*** DATASET EXTRACT Section Begins ***

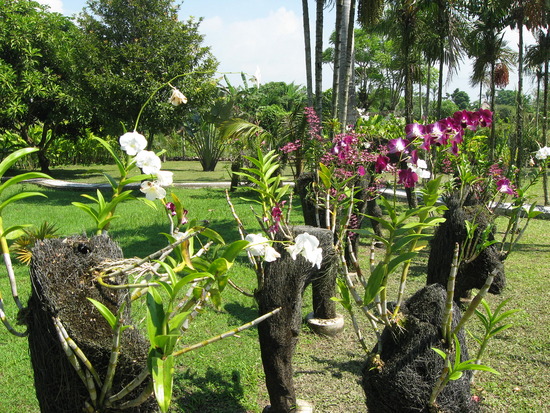 B Bali Orchideen Garten B Ihr Spezialist Fur Individuelle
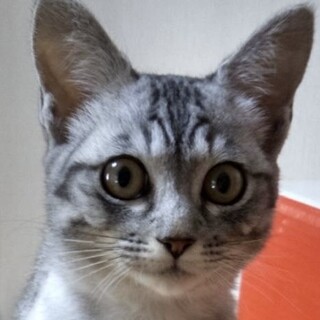 おとなしくて甘えん坊なグレーキジのビビちゃん❣️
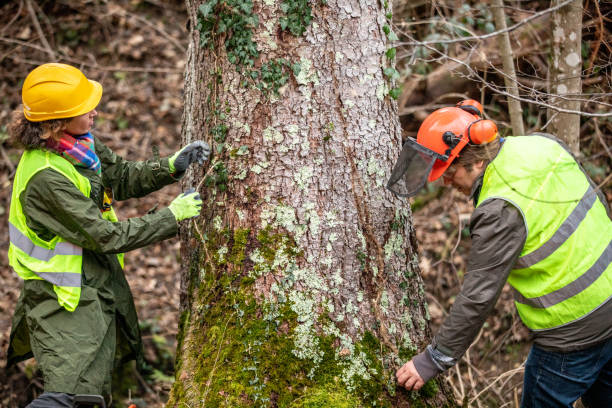 Soil Testing and Treatment in Spring Hill, TN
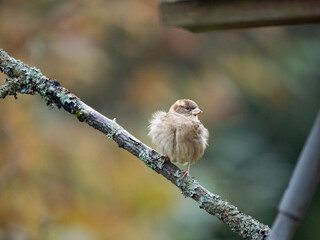 Buchfink (Fringilla coelebs)   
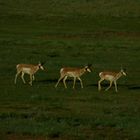 antelope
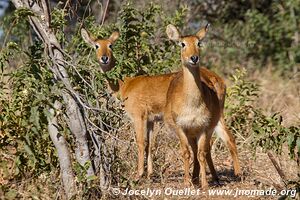 Rivière Chobe - Parc national de Chobe - Botswana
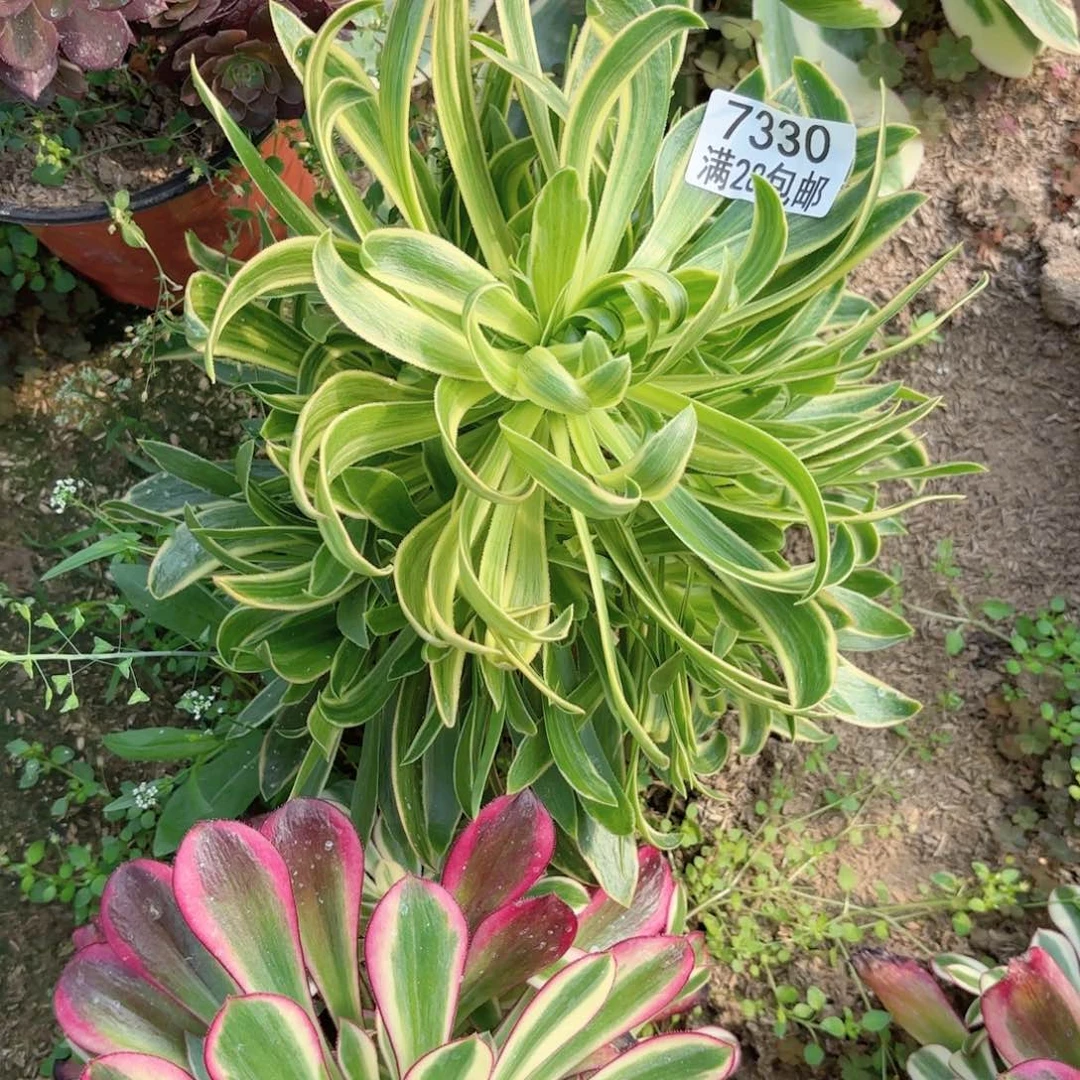 O.  7330虞姬多肉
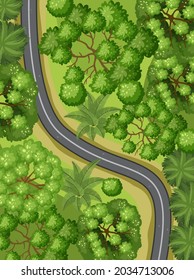 Aerial view with road through the forest landscape illustration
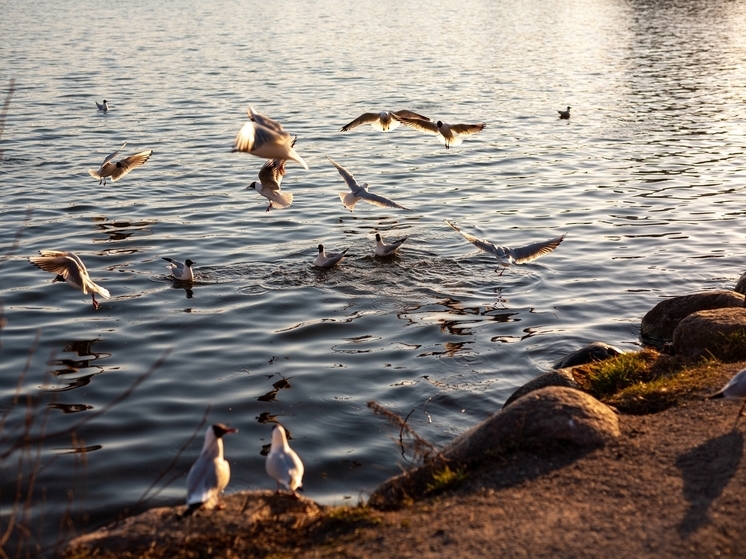 Радиация повлияла на микрофлору птиц из Чернобыльской зоны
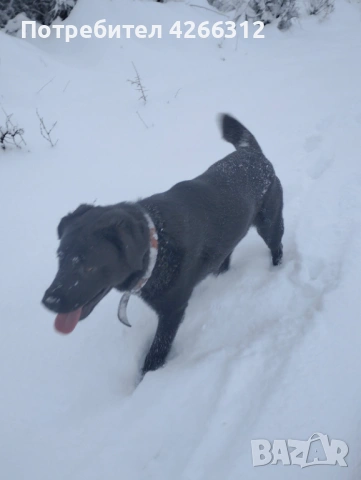 Подарявам мъжки кучета. Майка Лабрадор, баща Алабак., снимка 3 - Други - 53506330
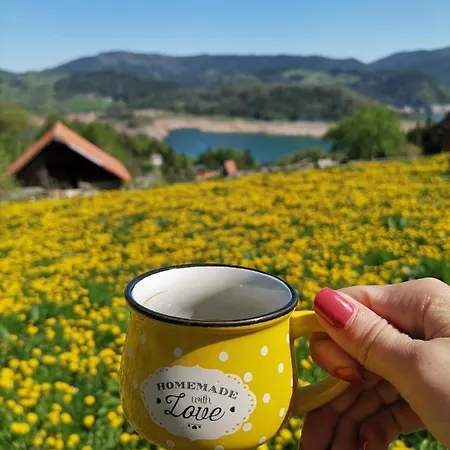 Konaci Zaovljanska Jezera Zaovine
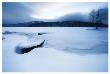 Lake Of Woods Boat In Snow by Shane Settle Limited Edition Pricing Art Print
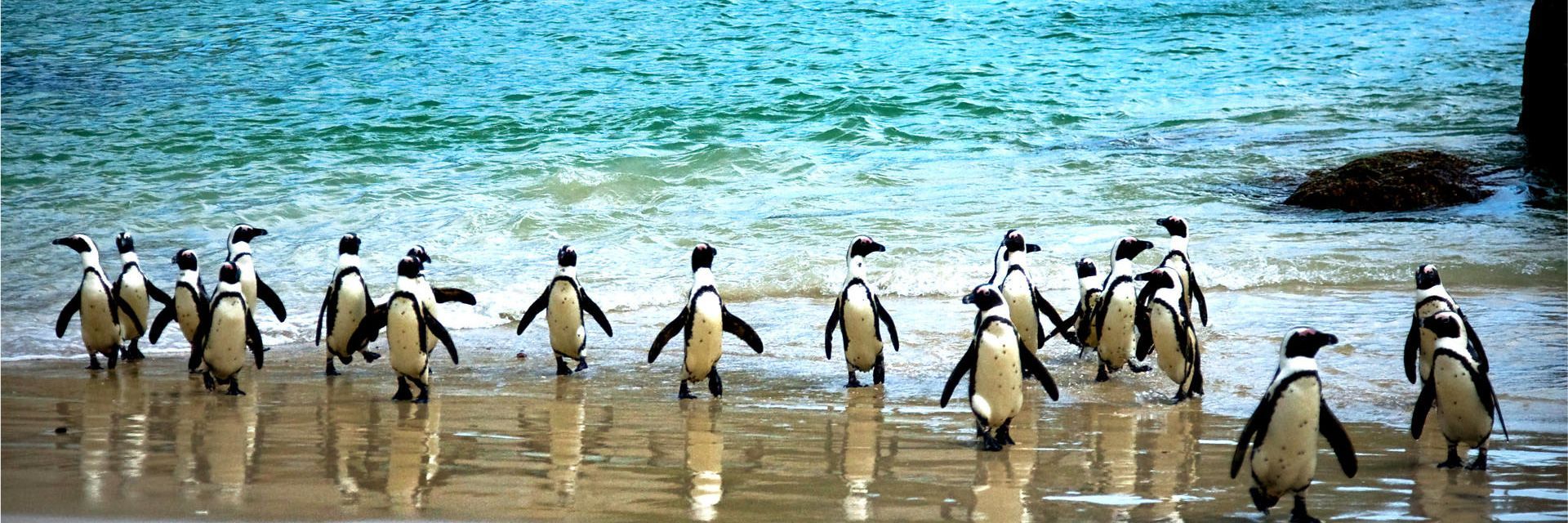 Penguins waddle on a wet beach towards the ocean, turquoise water in background.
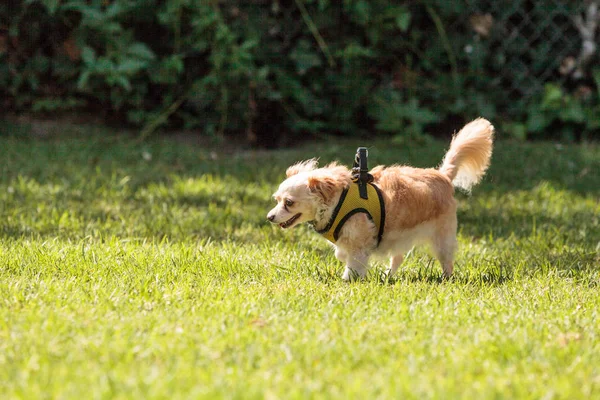 Small blond Chihuahua mixed breed dog — Stock Photo, Image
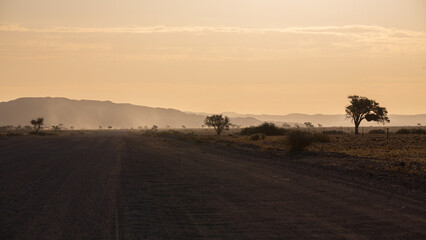 Eine einsame, staubige Schotterpiste durch die Savanne der Wüste Namibias mit vereinzelten Bäumen in der Abenddämmerung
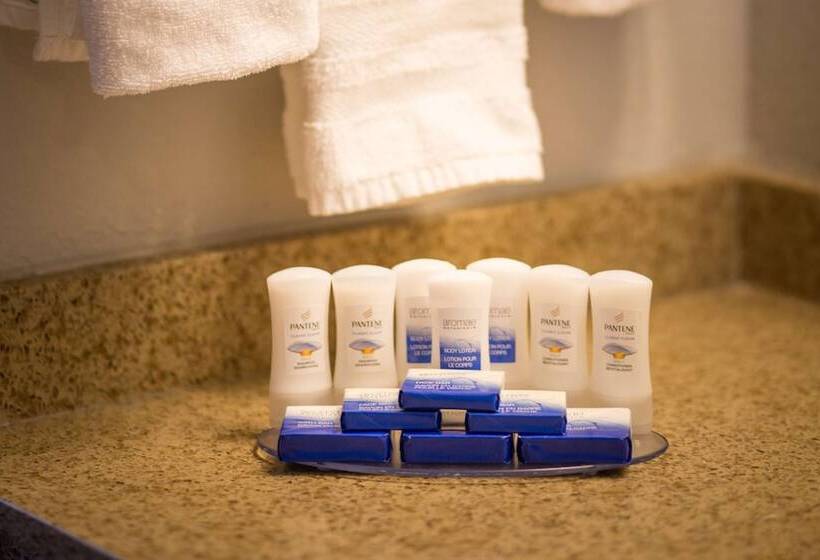 جناح جونيور, Best Western Black Hills Lodge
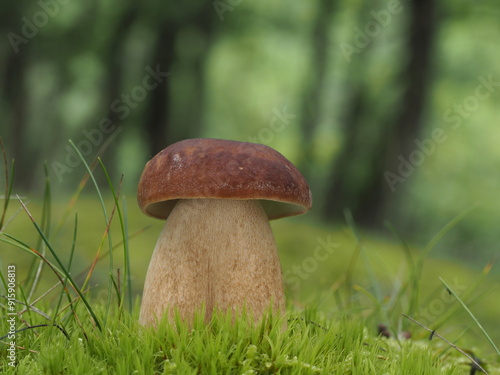 boletus reticulatus summer cep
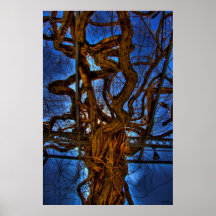 Twisted Poster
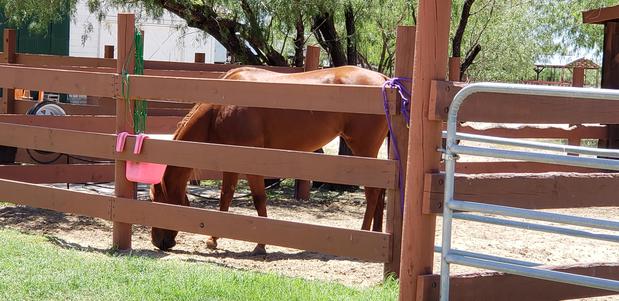 Images La Bota Ranch Equestrian Center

*** DATASET EXTRACT Section Ends ***

ABOUT THIS EXERCISE: Nothing but the lines from the start of the records above through the line with "جناح جونيور, Best Western Black Hills Lodge" should be retyped, each exactly as written; leave out all pictures.

COMPLETED EXERCISE:
 B Bali Orchideen Garten B Ihr Spezialist Fur Individuelle
 おとなしくて甘えん坊なグレーキジのビビちゃん❣️
 Soil Testing and Treatment in Spring Hill, TN
 Buchfink (Fringilla coelebs)   
 antelope
 Rivière Chobe - Parc national de Chobe - Botswana
 O.  7330虞姬多肉
 Aerial view with road through the forest landscape illustration
 Радиация повлияла на микрофлору птиц из Чернобыльской зоны
 Подарявам мъжки кучета. Майка Лабрадор, баща Алабак., снимка 3 - Други - 53506330
 Konaci Zaovljanska Jezera Zaovine
 Lake Of Woods Boat In Snow by Shane Settle Limited Edition Pricing Art Print
 Penguins waddle on a wet beach towards the ocean, turquoise water in background.
 Small blond Chihuahua mixed breed dog — Stock Photo, Image
 Eine einsame, staubige Schotterpiste durch die Savanne der Wüste Namibias mit vereinzelten Bäumen in der Abenddämmerung
 جناح جونيور, Best Western Black Hills Lodge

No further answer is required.